A Rather Unpopular Change

It is once again time to whip out the matza bread and get rid of pretty much everything I normally cook with throughout the year in preparation for Passover and the Feast of Unleavened Bread. This year, Passover is set to begin around the 20th of April, depending upon the ripening of the barley fields.

About two years ago, Brandon (my husband) and I decided to join the thousands of Yahushua-seekers who have chosen to replace typical Christian holidays like Easter and Christmas with the Jewish Feasts of the Bible.
And while this still stumps relatives and friends, we no longer celebrate Christmas and Easter but do not pressure or expect any one else to do the same. I think the expectation that we look down on anyone who doesn't share our opinion on Christian holidays is what keeps family members feeling uneasy about our choices, but truthfully, we think no such thing.
But a couple of years ago I started to question these typical American celebrations, and found they were nothing we wanted to be a part of.
For instance, the term Easter , is actually another form of Astarte,
a Chaldean goddess.
The festival of Passover was celebrated by Christians in post-apostolic times and was a contiuation of the Jewish feast, but from there the pagan festival of "Easter" was introduced into Western religion as part of the attempt to adapt pagan festivals to Christianity.
Astarte is mentioned in Jeremiah 7:18 and 44:17-19, 25 and in 1 Kings 11:5, 33 and 2 Kings 23:13 and she is referred to here as Ashtoreth. So Easter is found in the Bible - as part of the pagan religion Yah condemns.
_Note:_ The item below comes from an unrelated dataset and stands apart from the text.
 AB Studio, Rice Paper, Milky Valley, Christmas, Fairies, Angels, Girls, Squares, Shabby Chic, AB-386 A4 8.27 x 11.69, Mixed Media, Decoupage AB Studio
The celebration of Astarte, the goddess of fertility, was held in the spring of the year, and is where we get Easter eggs and the Easter bunny, which where pagan symbols of fertility.
Actually, in ancient Egpt and Persia, friends exchanged decorated eggs at the spring equinox, the beginning of their New Year, and Christians of the Near East adopted this tradition. Crazy enough, these "Easter eggs" have now come to represent the tomb from which Jesus came forth after his Resurrection.
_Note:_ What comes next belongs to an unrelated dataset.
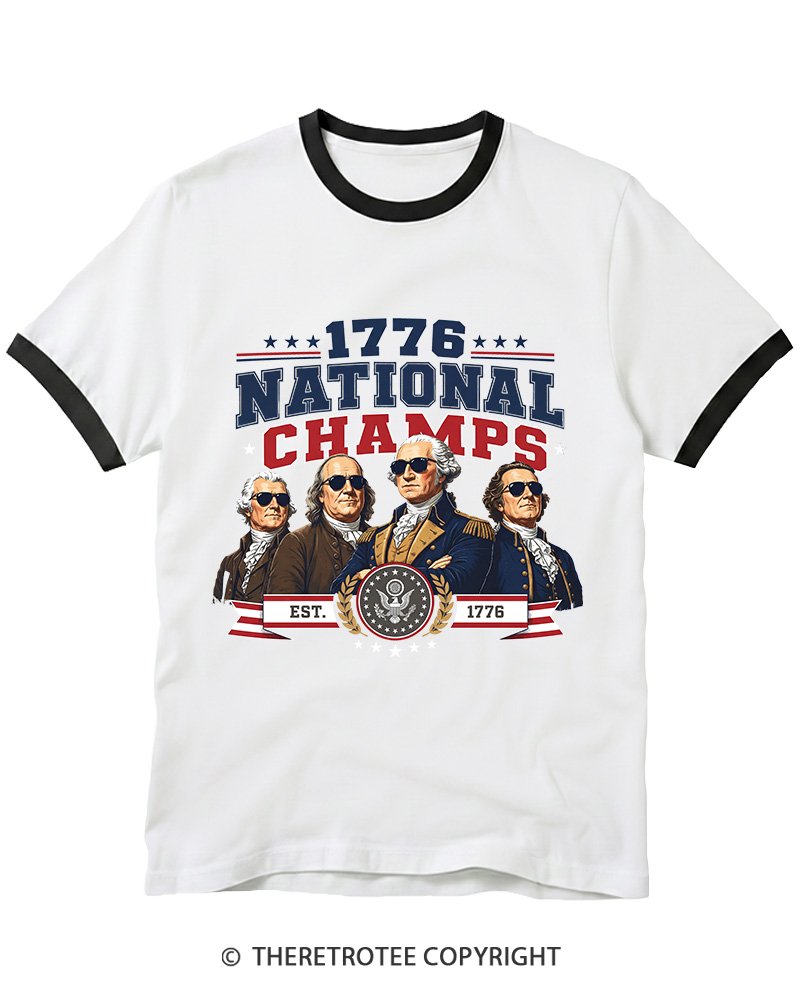 TheRetroTee Funny Founding Fathers 1776 Ringer T-shirt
And eventually pagan celebrations were "Christianized" and came to replace the Yah-ordained festivals that Yahushua , the apostles and the early church celebrated.
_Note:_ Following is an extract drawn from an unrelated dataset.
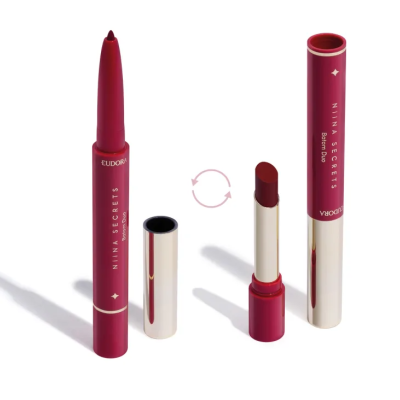 Batom e lápis labial Nina Secrets Eudora em tons vinho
So many times I get, "Well, G-d tells the Jews to celebrate these feasts, but we're not Jewish," or "Isn't that pretty legalistic to follow The Law - Jesus set us free from the law?"
I always say, "Well, the New Testament tells us that those who believe in Yahushua are grafted into Yah's chosen people." And while we don't follow the letter of the law, because Yahushua fulfilled he Law, he still celebrated the Feasts of Yah, and therefore we celebrate them as well.
Tons of people ask me, "How can millions of well-meaning Christians observe Christmas and Easter if it doesn't please Yahushua?"
I don't have a politically correct answer to this question, but I always think of Matthew 15:9, "In vain they worship Me, teaching as doctrines the commandments of men."
So, while I don't condemn anyone who worships in a way that differs from ours, I do often think of Nadab and Abihu, the sons of Aaron who in Leviticus 10
offered "strange fire" before Yah, attempting to enter in to Yah's presence in such a way that was not commanded by Yah.
They were consumed by Yah's fire of judgment.
To me, worshipping Yah through a festival he did not command in place of one that He did, is the same as Nadab and Abihu.